§ Problem requirements
Could you copy exactly the lines below, beginning at the line with "N-stageKumegawa 1Kの間取図画像" and stopping after the line with "shirt collar< Sweaters", with no pictures?

§ Study material

______

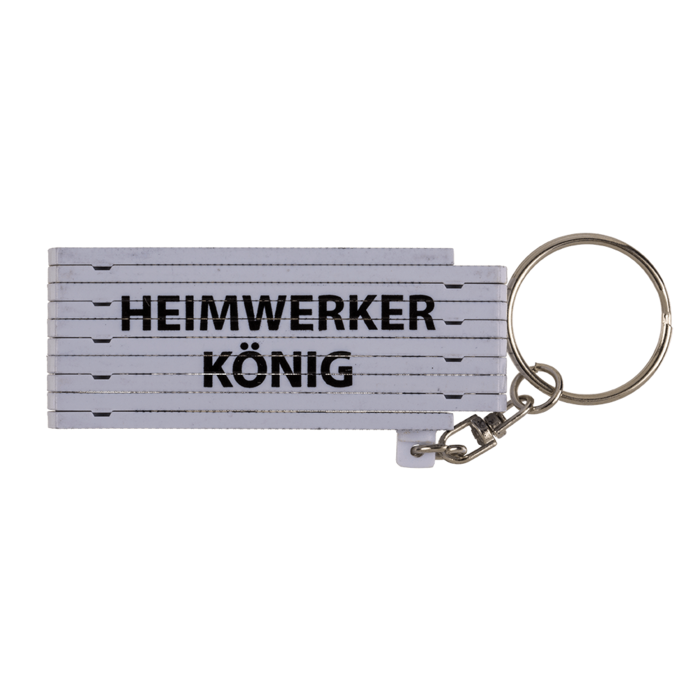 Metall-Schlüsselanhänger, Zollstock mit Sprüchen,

______

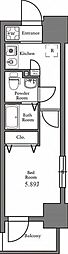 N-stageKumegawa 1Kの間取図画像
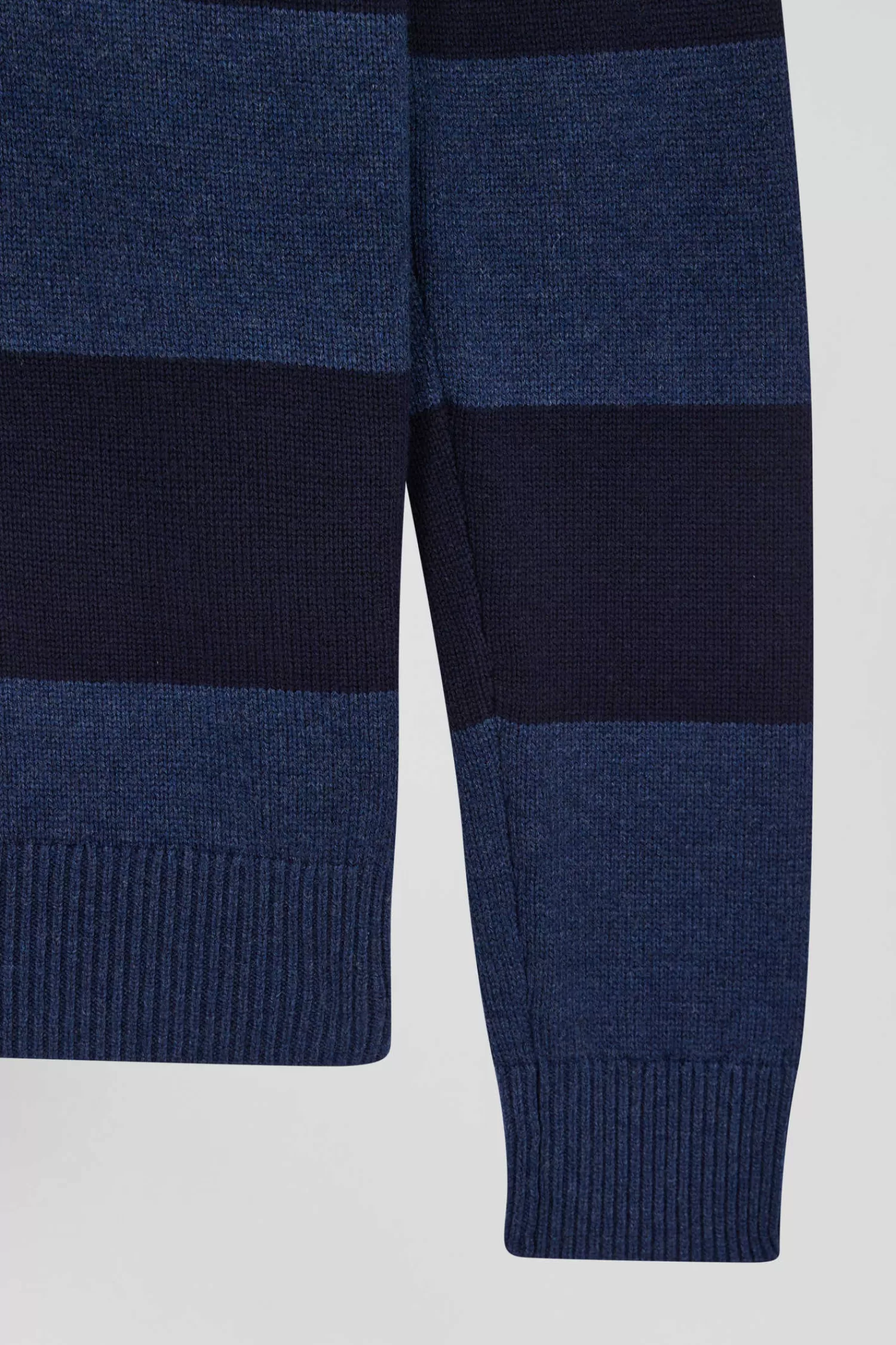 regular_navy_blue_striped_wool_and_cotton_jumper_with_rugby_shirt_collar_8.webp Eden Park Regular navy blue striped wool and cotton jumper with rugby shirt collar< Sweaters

______

§ Response area
 N-stageKumegawa 1Kの間取図画像
 regular_navy_blue_striped_wool_and_cotton_jumper_with_rugby_shirt_collar_8.webp Eden Park Regular navy blue striped wool and cotton jumper with rugby shirt collar< Sweaters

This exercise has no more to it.